I have a dataset with 30 columns and 538 rows and I tried to run the prcomp, but it turns out it does not work with missing values and I can't use the na.omit because I would end up with one row only and that's useless for this purpose.
This is just the head of the df. Note that the first column is useless and I wanted to sort by group in the PCA plot. The dataset is avaliable here.

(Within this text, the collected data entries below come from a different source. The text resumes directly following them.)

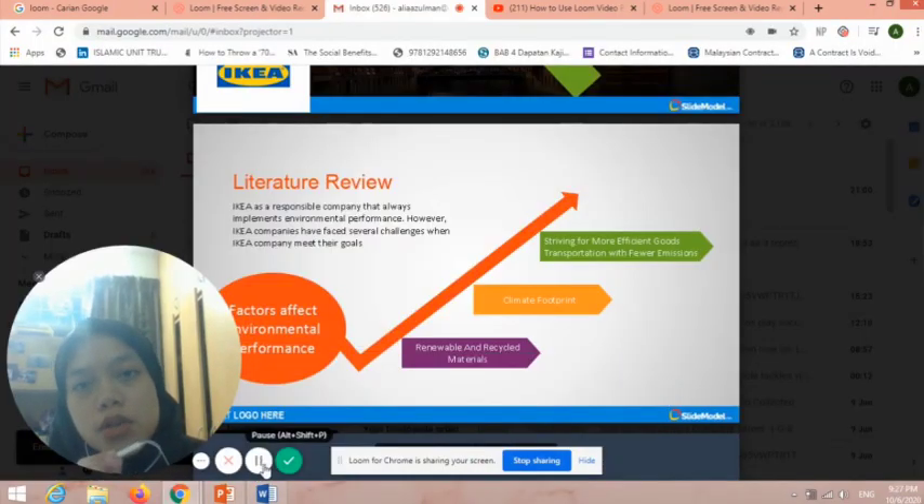My name is Nabi Nadira Ben-Tia Mazuman and my mentor number is 14983. I am from University Sains Malaysia. Today I would like to explain the literature review based on IKEA. IKEA is a responsible company that always implements environmental performance. However, IKEA company faces several challenges when meeting their goals. In our research, we emphasize factors affecting environmental performance which are renewable and recycled materials. IKEA uses plastic to pack furniture and sell it to customers, and they also provide plastic bags. Using more plastic bags will be costly for IKEA company.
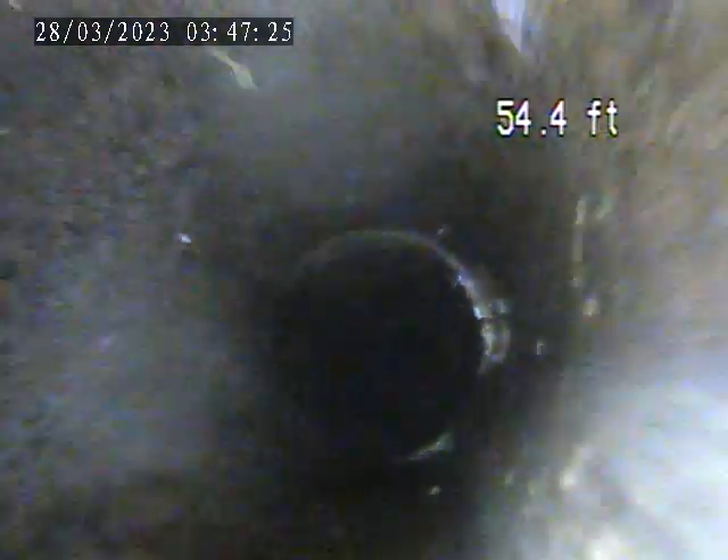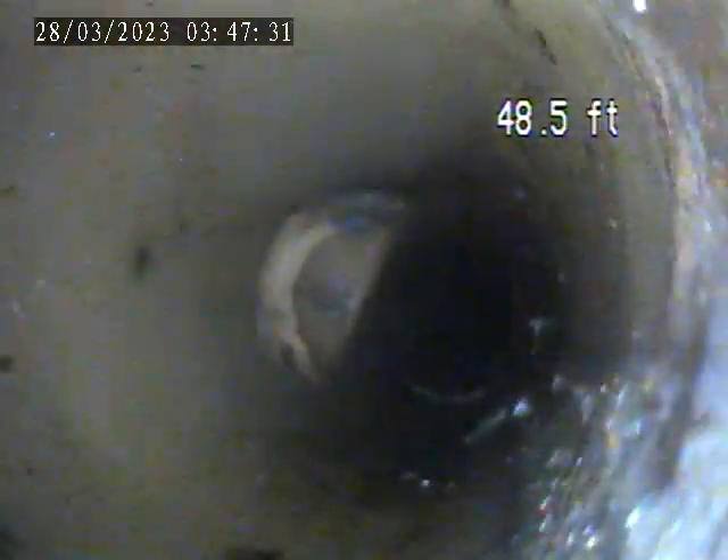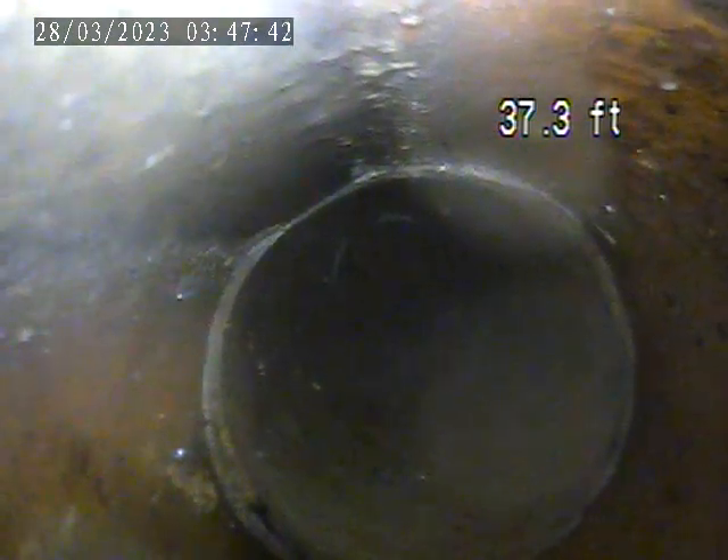The sewer appears to be terracotta with some access points installed in two areas. There are two clean-outs in the yard — one in the middle of the yard and one closer to the tree line in the back. Our camera will be entering through the one near the tree line to try and get to the main tap-in.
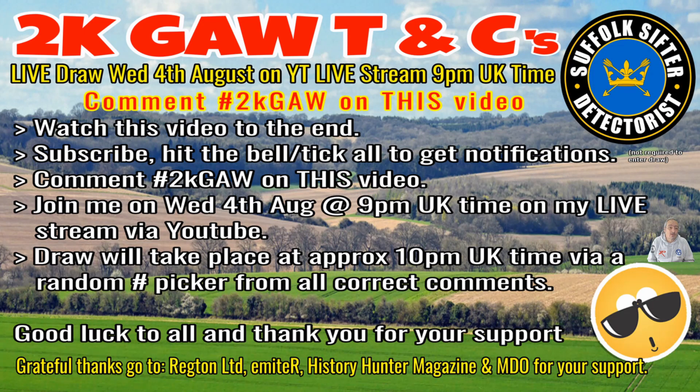Basically it's quite simple and it won't cost you a penny. The draw will be done live on my Wednesday live stream on the 4th of August. That starts at 9pm UK time and I'll do the draw round about 10-ish. We'll get people on board and do a live draw using a random comment picker. All you've got to do is watch the video to the end. If you don't know what happens at the end, subscribe, hit the bell, and tick all to get all notifications — you don't want to miss the notification when I go live for the draw. Join me on Wednesday the 4th of August, 9pm on my live stream.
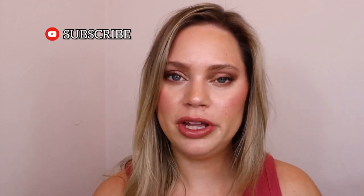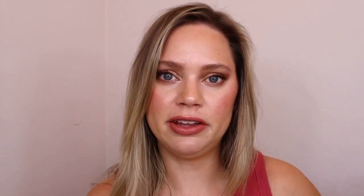Before we get into the video, make sure to go ahead and hit that subscribe button. If you're new here, I'm Erin. I live in the Midwest. I'm a full-time nurse and I like to talk about beauty stuff. So if that's something you're into, make sure to subscribe and let's talk about a bunch of SPFs.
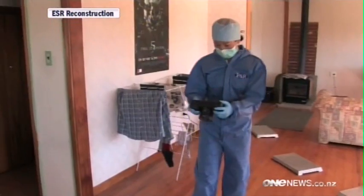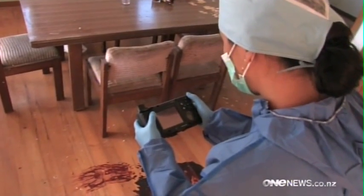Live video technology means police can talk directly to scientists at the lab and transmit evidence. Can you see the cartridge cases?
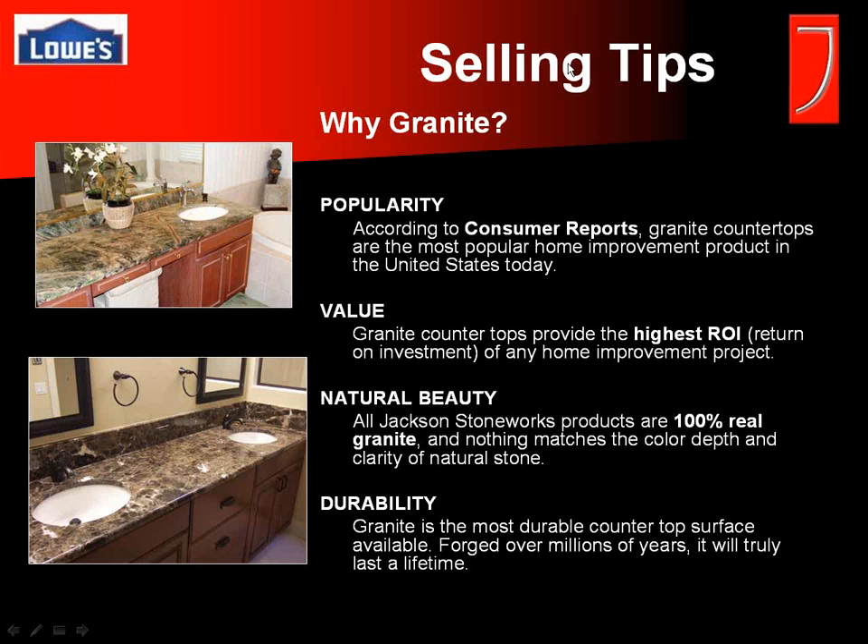All of our products are 100% natural granite. We do not have any engineered man-made surfaces, so you can be certain of the color depth and clarity that comes with natural stone. Granite is the most durable countertop surface on the market — it will last a lifetime and more, long after they're out of that home. That's also a key selling point for customers.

specimen group total_length max_w n_prog ceph_pedun_L bothrid_L bothrid_W n_loculi n_transv_septa stalk_L stalk_W prog_max_W term_seg_L term_seg_L ratio_term_seg term_seg_SA pore_pst_mrgn percent_ prog_L n_progl_LgrW n_mat_segs n_testes testes_L testes_W length_tst_field term_c_sac_L term_c_sac_W ovary_L Ov_ratio_prog OV_max_W RN04_62_1 brooksi 6 820 240 7 190 120 320 RN04_62_2 brooksi 7.5 980 250 8 240 140 430 RN04_81_2 copianullum 8 RN04_81_3 paratrygonyi 8 RN04_81_4 fulbrighti 7 TO_05_80_5 fulbrighti 20 2000 310 10 350 140 710
I looked it up and there are a few ways to go around this problem:
- run a probabilistic PCA
- impute values to the NAs
I tried running PPCA with the pcaMethods package and it did not work.
Could anybody help me out? PS: I wanted to run the prcomp to get a biplot from the ggbiplot function afterwards. PS2: I moved my post from stackoverflow to here as it was suggested to me.